Exercise requirements: Every record below should be repeated exactly. Omit the pictures.

::::::::::

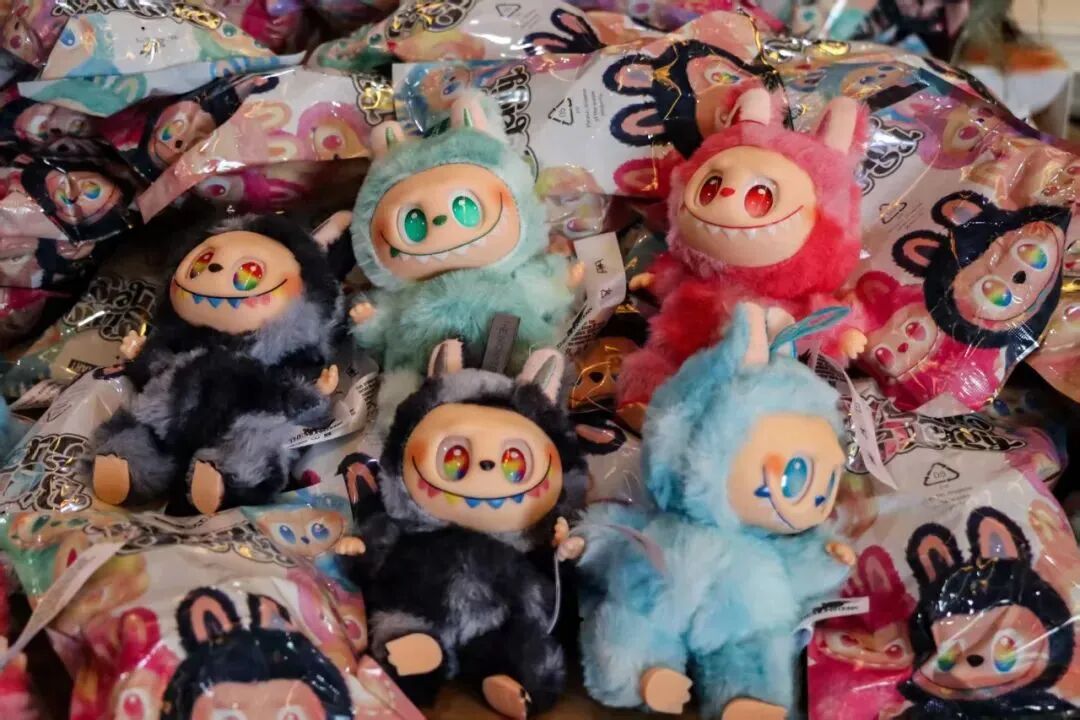 查获5万多个“冒牌货”！真LABUBU买不到，“假布布”一大堆！警方提醒 →插图5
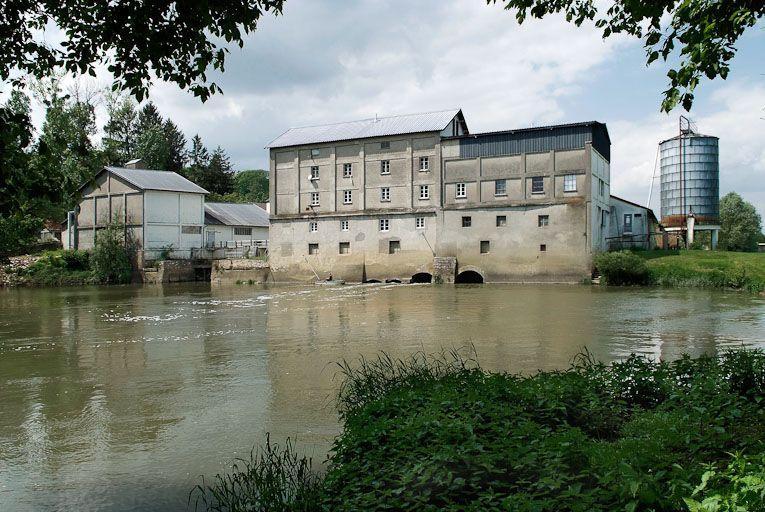 Le moulin : vue d'ensemble d'aval.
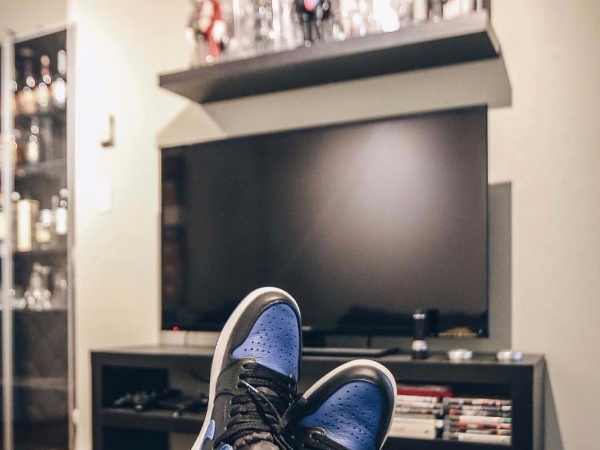 驚爆  Jordan 1 Royal 發售黑幕？！「走後門」的再售商當場被鞋迷嗆飛！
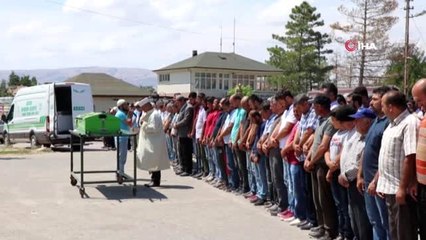 Başına kaya parçası düşerek hayatını kaybeden genç, toprağa verildi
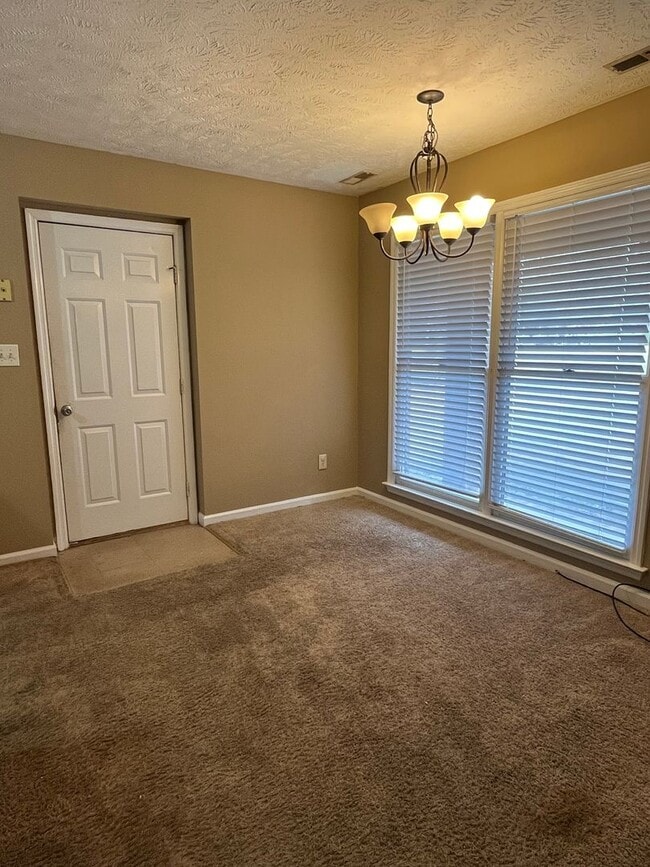 Building Photo - Charming 2 Bed 2 Bath Raeford Home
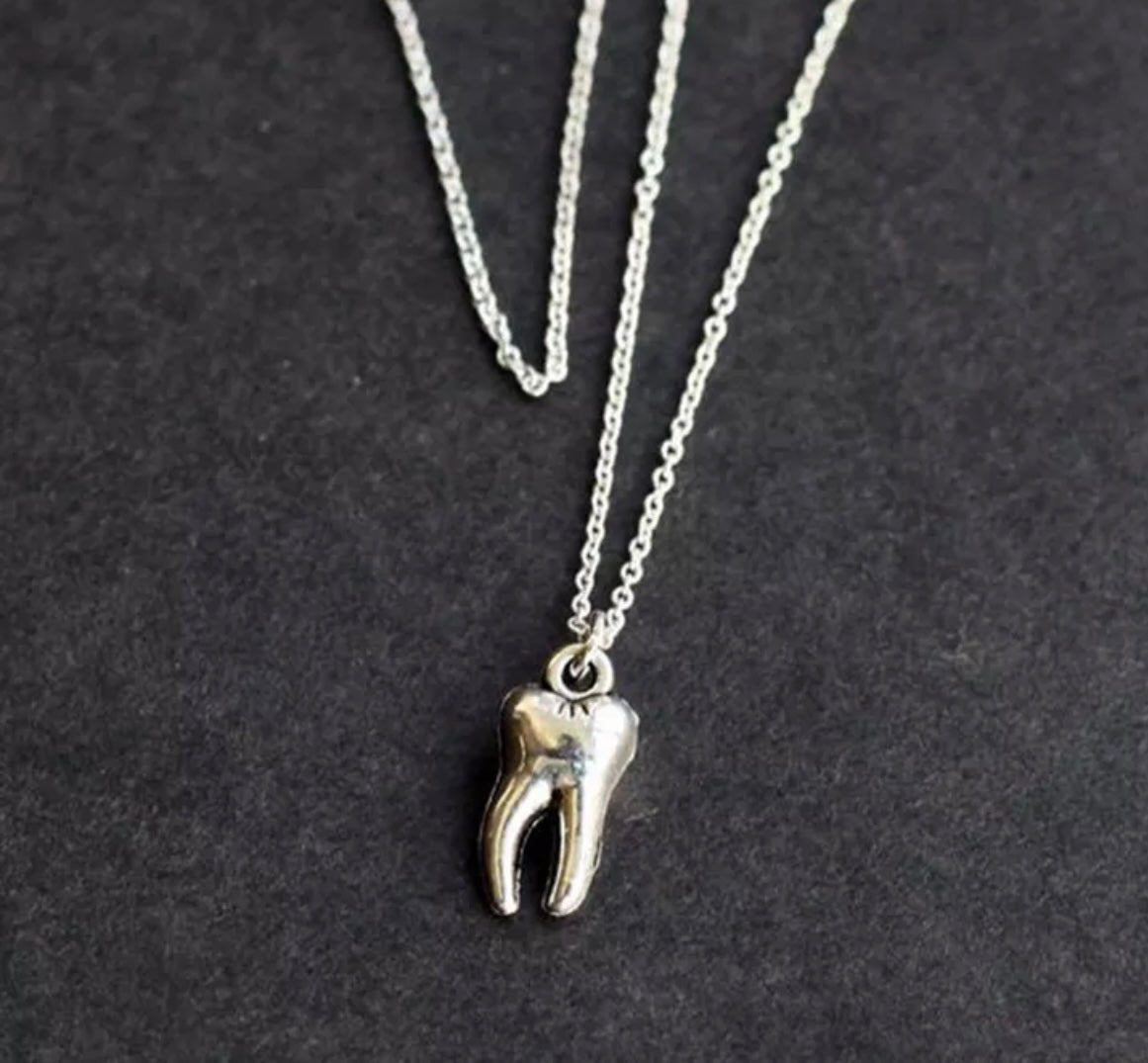 Boygenius Diş Kolye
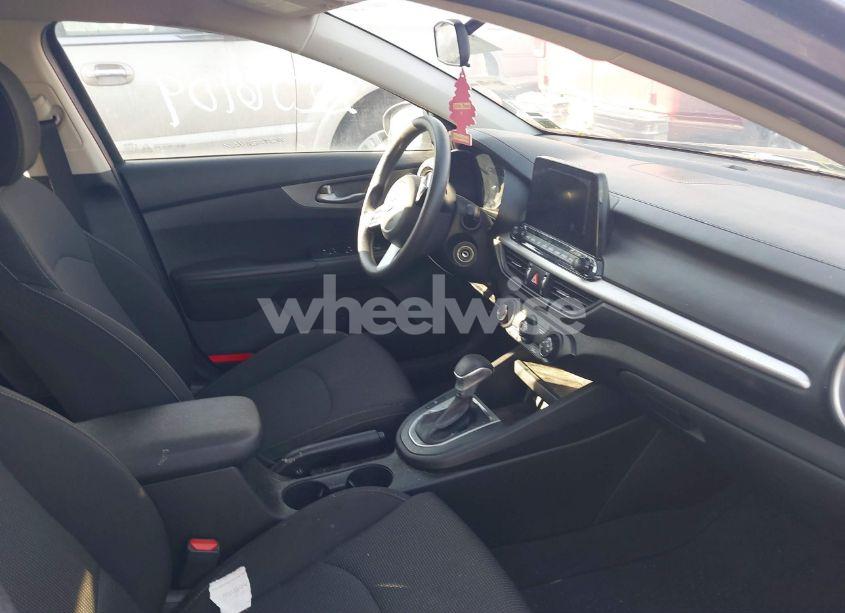 Photo 5 of 2020 Kia Forte LXS (VIN 3KPF24AD0LE192044)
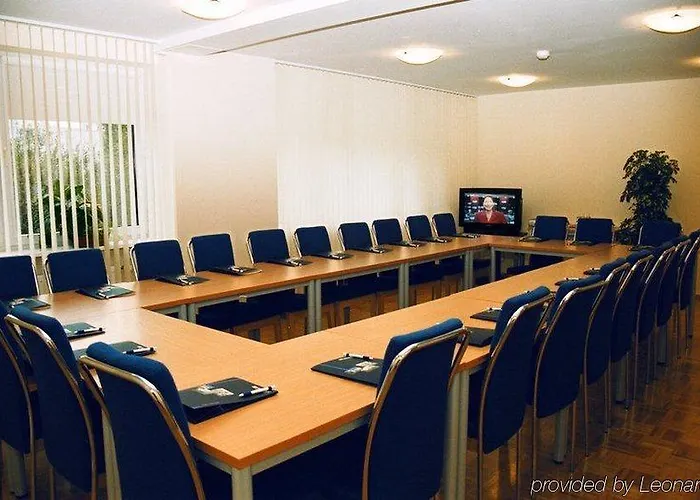 Hotel Wilanow By Desilva 3*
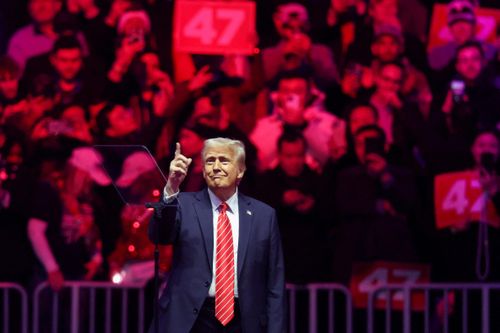 Ông Trump hứa sẽ hành động với 'tốc độ và sức mạnh lịch sử'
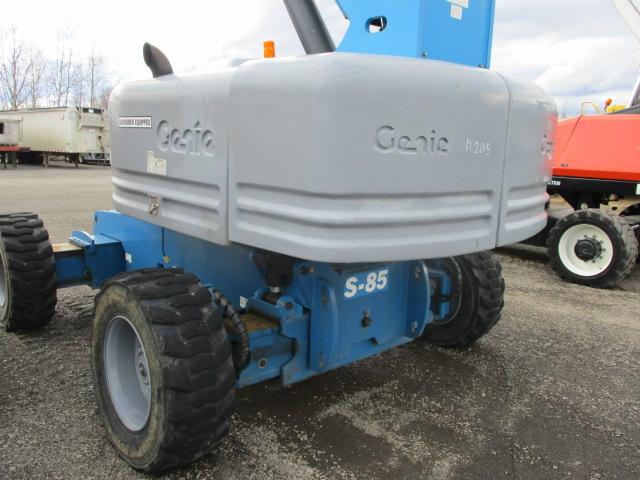 Genie S-85 Manlift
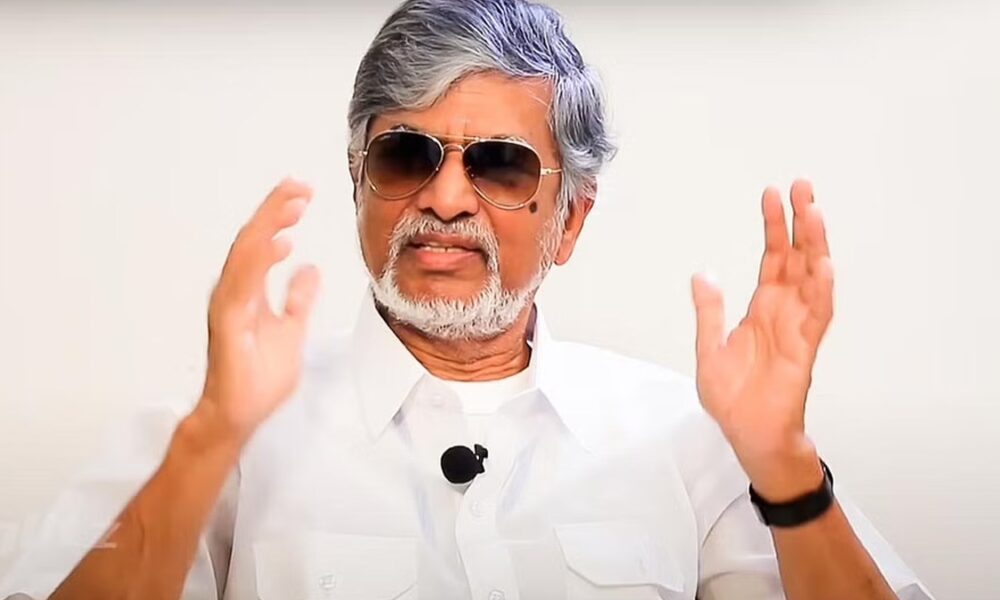 கரூர் மரணங்கள்: “நாங்களும் ஆழ்ந்த மன வேதனையில் இருக்கிறோம்” – எஸ்.ஏ. சந்திரசேகர்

::::::::::

Response area:
 查获5万多个“冒牌货”！真LABUBU买不到，“假布布”一大堆！警方提醒 →插图5
 Le moulin : vue d'ensemble d'aval.
 驚爆  Jordan 1 Royal 發售黑幕？！「走後門」的再售商當場被鞋迷嗆飛！
 Başına kaya parçası düşerek hayatını kaybeden genç, toprağa verildi
 Building Photo - Charming 2 Bed 2 Bath Raeford Home
 Boygenius Diş Kolye
 Photo 5 of 2020 Kia Forte LXS (VIN 3KPF24AD0LE192044)
 Hotel Wilanow By Desilva 3*
 Ông Trump hứa sẽ hành động với 'tốc độ và sức mạnh lịch sử'
 Genie S-85 Manlift
 கரூர் மரணங்கள்: “நாங்களும் ஆழ்ந்த மன வேதனையில் இருக்கிறோம்” – எஸ்.ஏ. சந்திரசேகர்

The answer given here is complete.